For instance, you can use the split-screen setup to have a browser window on one half of the screen and your note-taking app on the other to take notes more efficiently. Or you can open documentation and text editor side-by-side while writing code to save yourself from the multitasking hassle.

Most operating systems, including the popular ones, such as Linux, macOS, and Windows, include split-screen as part of their screen management functionality. If you use a Mac, you get the Split View, which lets you run two Mac apps side by side for a distraction-free working experience.

Here is a guide on how to use Split View effectively on your Mac.

Split View

Split View is the default window manager utility for Mac. It comes built-in on macOS, so you can use it right away without having to install anything on your system.

How to Use Split View

With Split View, you can run a maximum of two apps side by side at a time. Follow the steps below to learn how to enter, use, and exit Split View on your Mac.

1. Entering Split View

If you are running macOS Catalina or later on your Mac, you can enter Split View and put two apps side-by-side in just three steps.

  1. Hover your pointer over the (green-colored) full-screen button in the top left corner of a program window. Or, alternatively, click and hold on it until you see a context menu.
  2. Select Tile Window to Left of Screen from the menu, and the app will fill the left side of your screen.
    entering split view
  3. Click on the other app window that you want to have in Split View to snap it to the other (right) half of the screen.

If for some reason, you are not able to put your Mac in Split View, the following fix should help.

  1. Click on the Apple menu and go to System Preferences.
  2. Select Mission Control.
  3. Ensure that Displays have separated Spaces is selected.
  4. Log out of the system, and log back in.

2. Working With Windows in Split View

Once you have two apps in Split View, you can work on them without being distracted by other apps. If required, you can swap sides by holding and dragging the window to the other side. Moreover, you can also adjust the window width for each program window by dragging the vertical line between them.

adjusting window width in split view

As for multitasking, you can take advantage of macOS’ Spaces feature to open other apps: the apps you open will move to a new Space while your Split View apps remain isolated on another.
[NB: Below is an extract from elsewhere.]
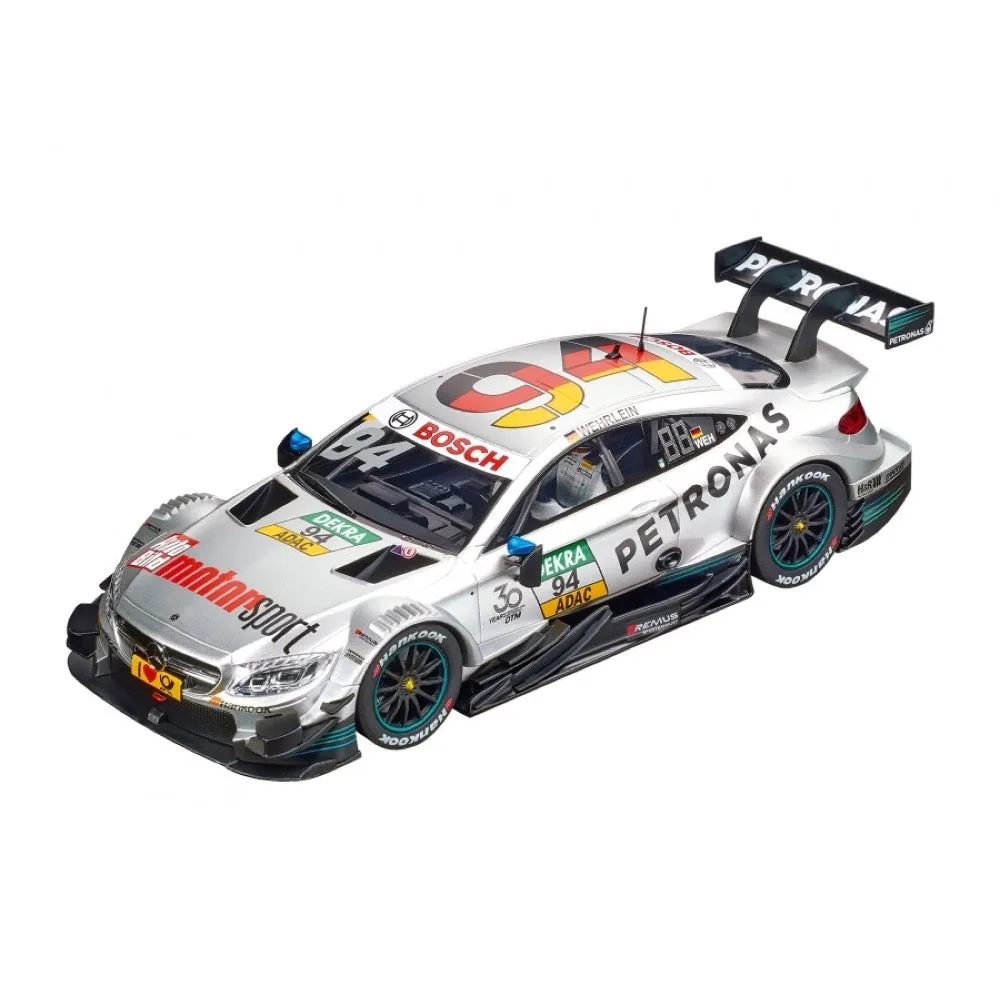 Carrera 30015 Digital 132 DTM Speed Memories Wireless Slot Car Set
To switch between Spaces, use the control + up shortcut or swipe gesture to access Mission Control and click on an app to open it. For faster switching between apps, you can also use the app switcher (command + tab).

3. Exiting Split View

Once you have finished working in the Split View mode, you can return to normal mode by following the steps below.

  1. Move the pointer to the top part of the screen to reveal the menu bar.
  2. Click on the full-screen button to exit Split View. Alternatively, you can also hover over the green button and select Exit Full Screen from the menu.
    exiting split view

Now, your apps will appear in full-screen mode on two different Spaces. To assemble them into one Space and get the window back to their normal size, bring up Mission Control, go to each Space one at a time, and exit the full-screen view by clicking on the full-screen button.

Making the Most of Your Mac’s Screen Estate

Using Split View, you can leverage the entire screen estate of your Mac and use it effectively for a better multitasking experience. Not just that, if you are using your MacBook with an external display, Split View will come in handy in such a setup as well.

However, that said, if you would like to have more than two apps tiled to your desktop at once, or you want more control over the behavior of the apps in the split-screen mode, Split View will only get you so far. As an alternative, what you will need instead are third-party window manager apps for Mac that provide various tiling layouts and configurations.